What the Left gets wrong about wealth



One way to sell a new tax is to do the hard work of proving that it’s a good idea. ‘There’s some problem that needs to be solved,’ ‘here is the solution’, sort of thing. Say, carbon emissions are bad, we should have a carbon tax. In the absence of any such evidence, it’s necessary to just shout that it’s fair. Which is what Gabriel Zucman is doing in his book ‘We Need To Tax Billionaires’. He’s not in fact giving us a reasoned argument at all. The book – well, it’s so short that it’s better described as a love letter to economic populism – is based upon no more than a cry of ‘not fair!’
And, you know, perhaps something so wildly contradicted by all the conventional forms of economics we have should need to meet a higher standard of proof than that?
For all my cynicism, that is really what is being done here. There is always a trade off between efficiency – how well the tax will achieve what we desire to be achieved – and equity – what the populist will demand as fair. If you cannot back up a tax proposal with one argument then use the other. The argument against taxing capital gains at the same rate as income is that, for all its seeming fairness, it’s inefficient. And so on – when you run out of one argument then lean heavily into the other.
The analysis done by Zucman contains nothing at all about efficiency. On the very useful grounds, for his argument, that there are no efficiency arguments in favour of a 2% wealth tax upon billionaires. We’ve gone through all of this, over the decades, including in the Nobel winning work on optimal taxation by Sir James Mirrlees. Despite those equity arguments, no, we should not tax stocks of wealth, we should not tax capital the same as income. The background to that efficiency argument being that we actually like capital. When it’s wisely invested it is the very thing that makes our own future richer. This is a good idea.
This is the standard analysis that Zucman needs to refute. Which he does by wholly ignoring it and instead turning to that perpetual teenage whine of ‘no fair’. As if we should build our economic system on the sayings of the Teenage Kevin.
In detail, Zucman notes that a detail of the French tax system allows those who use holding companies to accumulate dividends without paying tax upon them. If true, this might be a reason to resolve French tax law upon dividends and holding companies. But the assumed injustice – and it is, pretty much, the only one used – is then used to support that 2% wealth tax upon the holdings of billionaires.
At which point I interject a supposition, which is that once the principle of a wealth tax has been sold, then it will apply lower and lower down the income scale at ever higher rates. But perhaps that’s just me – despite the evidence of income and social security taxes over the past couple of centuries.
As the work of Mirrlees shows, a wealth tax is definitively rejected upon efficiency grounds. We like investment, thus taxing either the amount invested, or even the returns to investment is contraindicated. Money taken out to then consume becomes consumption or, to give it the other name, income, and that could be taxed as with all other incomes. This is how a general economic opinion has settled upon the progressive consumption tax as the best blend of that efficiency and equity we can achieve. All amounts invested, all made from having invested, is tax free, all used as income to be consumed is taxed at full whack – to give a pencil sketch of the idea. Another way to describe this would be that all investing is done in some giant self-invested personal pension, or 401(k) and only extractions from that are taxed as income at the usual progressive rates.
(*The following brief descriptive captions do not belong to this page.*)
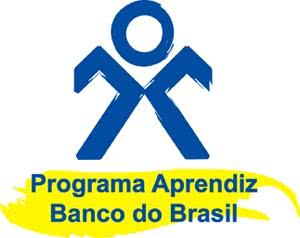 jovem-aprendiz-bb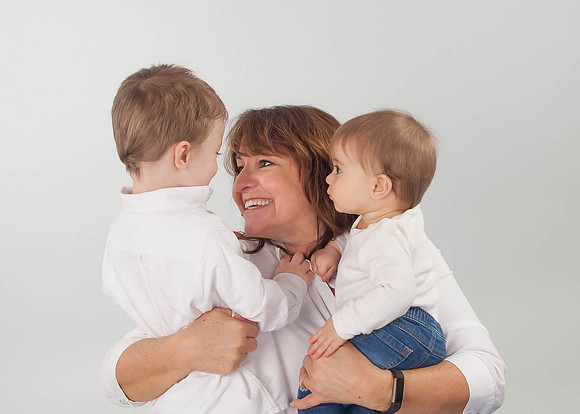 grandbabies 076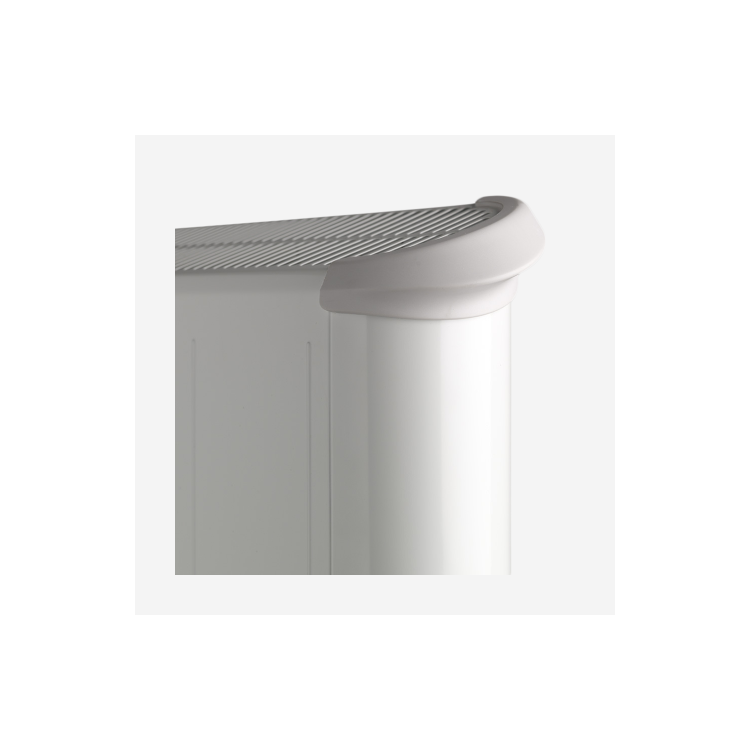 Dimplex 403TSFTie7 3kw Convector Heater with Turbo Function & 7 dayTimer  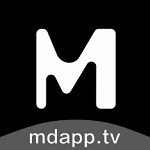 md传媒app入口免费官方版  v1.3.5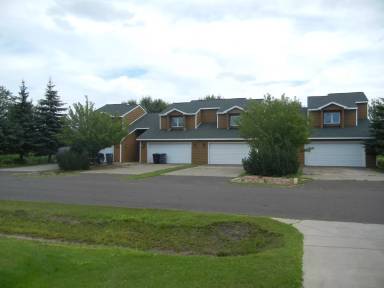 Main picture of 3102 Lamborn Ave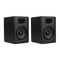 Manual de M-Audio BX5 D3
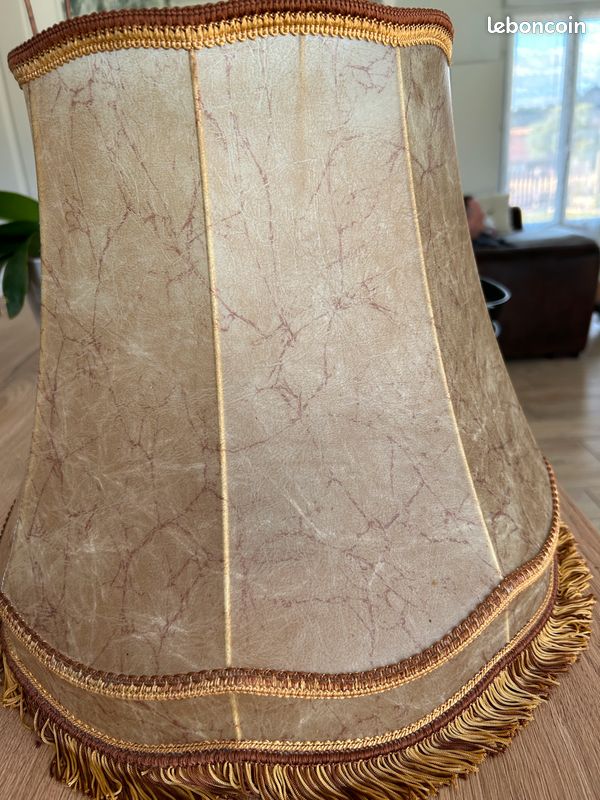 Lampe (image 4)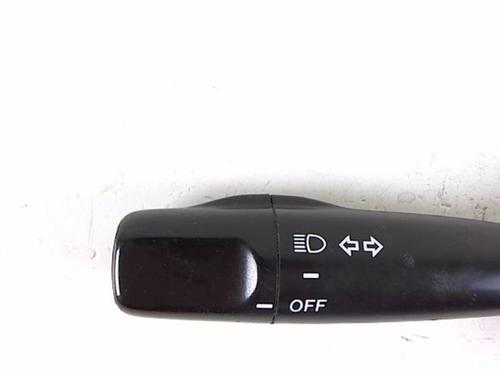 Switch TOYOTA COROLLA Liftback (_E11_) 2.0 D-4D (CDE110_, CDE110R) | BP20449581I30 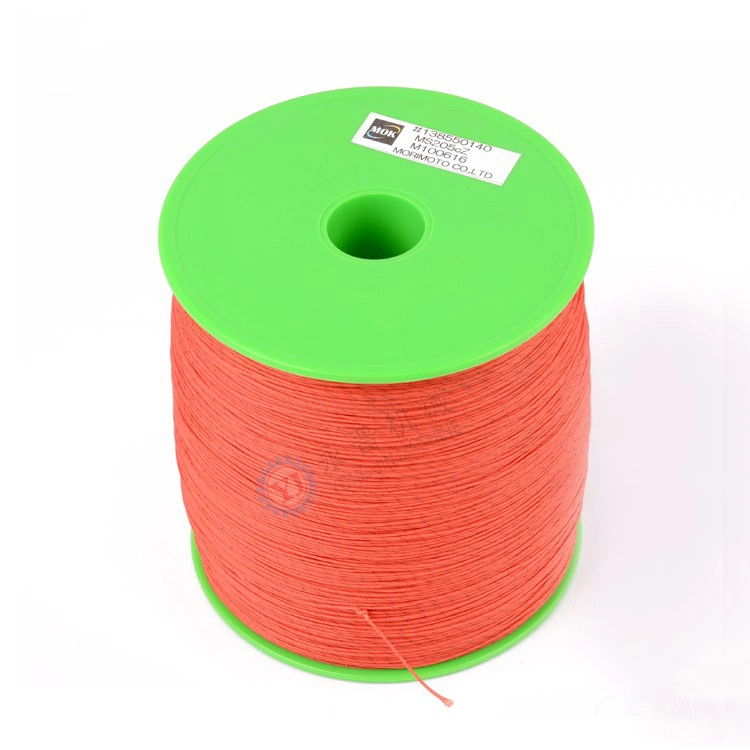 Yongjin - ISO9001 Trade Assurance knitting yarn Spare Parts 1
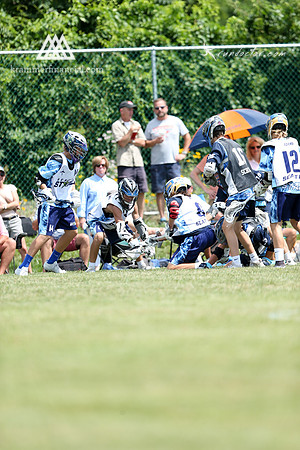 Starz U15 vs STEPS - Philly 2017-153.jpg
Zucman is clearly aware of this because his actual complaint becomes that the rich don’t consume all their earnings. True. So, they earn from their investments and – well, because they don’t consume it, therefore don’t pay income tax taking it out of their companies and so on then and therefore they reinvest that money. Which is horrible, they just invest without having paid income tax! The complaint is that very purpose, at least that getting close to the ideal system, whereby investment isn’t taxed and consumption is at progressive rates. Because we like people investing, it makes that future richer and so on.
Which is why the entire argument is posed as a fairness one. The billionaires get to reinvest what they don’t consume without paying consumption taxation – how unfair that is. Thus we must impose that worst of capital taxes, a wealth tax. That is, I’m sorry to have to say, really the nub of his argument. There is nothing here any more sophisticated than that.
To cast his argument in terms of economic efficiency it is that we should stop those provably good at investing – a useful definition of people making good investment returns – from reinvesting the returns to past investments and instead hand the money to politicians to urinate up the wall. No wonder he doesn’t even try an economic efficiency argument and only presents one from adolescent intimations of fairness.
I must admit to having been most amused by two comments he does make. Sadly, I don’t think he gets the joke here. In France ‘a ratio of tax to national income of 51%’ and ‘The government doesn’t burn its tax revenue’. I’m really truly uncertain that we should be taking tax advice from a man who thinks the first point doesn’t prove the second.